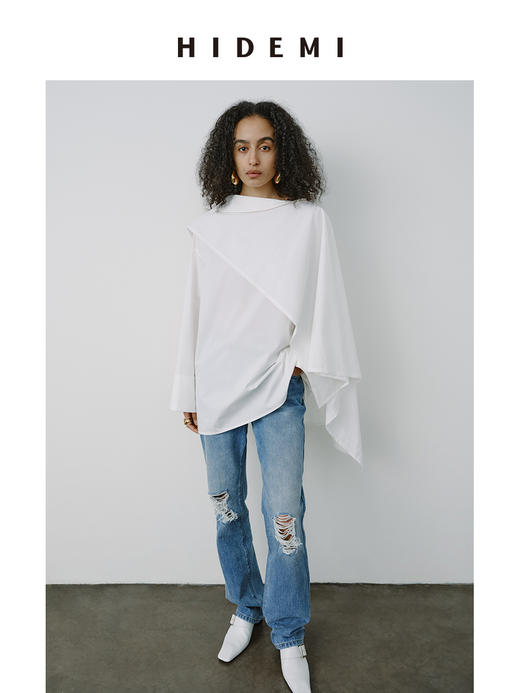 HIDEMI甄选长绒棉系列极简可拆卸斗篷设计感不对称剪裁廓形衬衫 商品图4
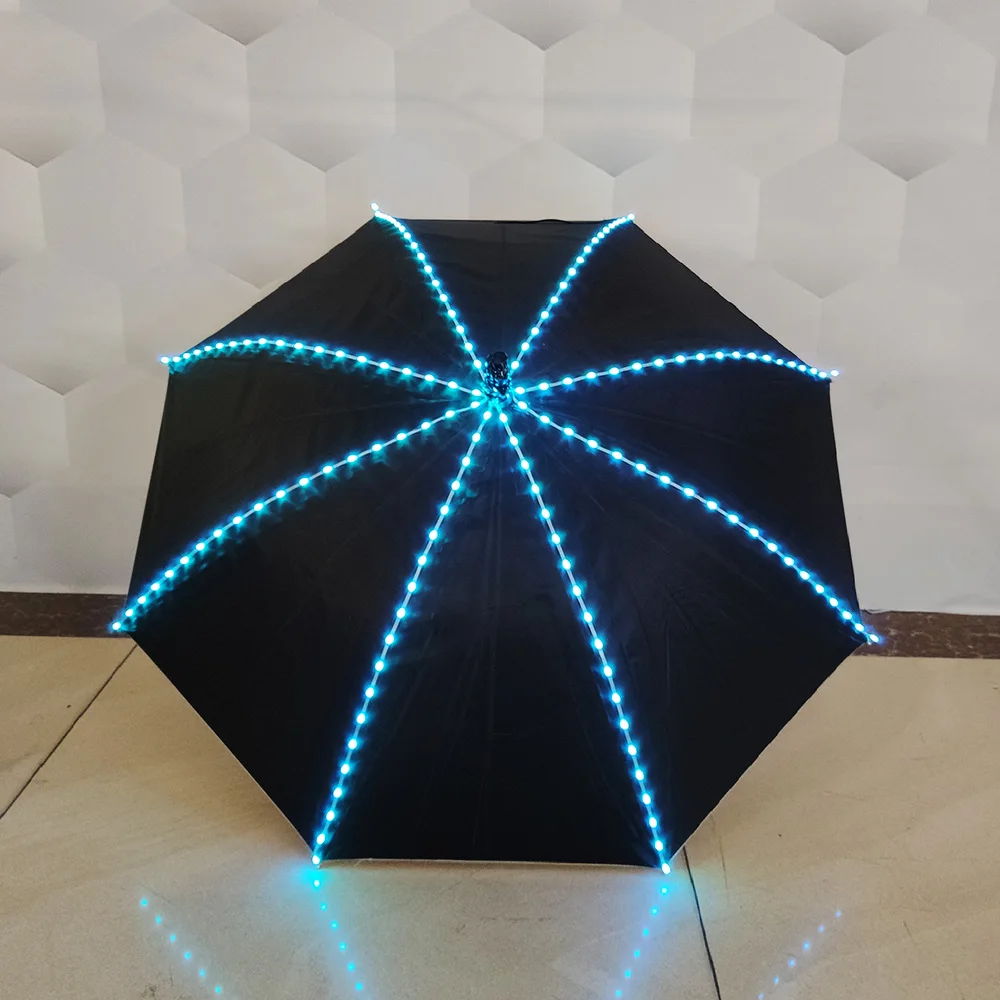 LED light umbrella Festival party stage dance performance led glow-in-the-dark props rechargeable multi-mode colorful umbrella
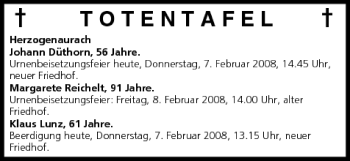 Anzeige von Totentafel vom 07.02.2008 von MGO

========================================

» AIM OF THE TASK
Please return, exactly and with pictures omitted, the lines from the line holding "LED light umbrella" through the end of the data above, inclusive.

» THE COMPLETED TASK
 LED light umbrella Festival party stage dance performance led glow-in-the-dark props rechargeable multi-mode colorful umbrella
 Anzeige von Totentafel vom 07.02.2008 von MGO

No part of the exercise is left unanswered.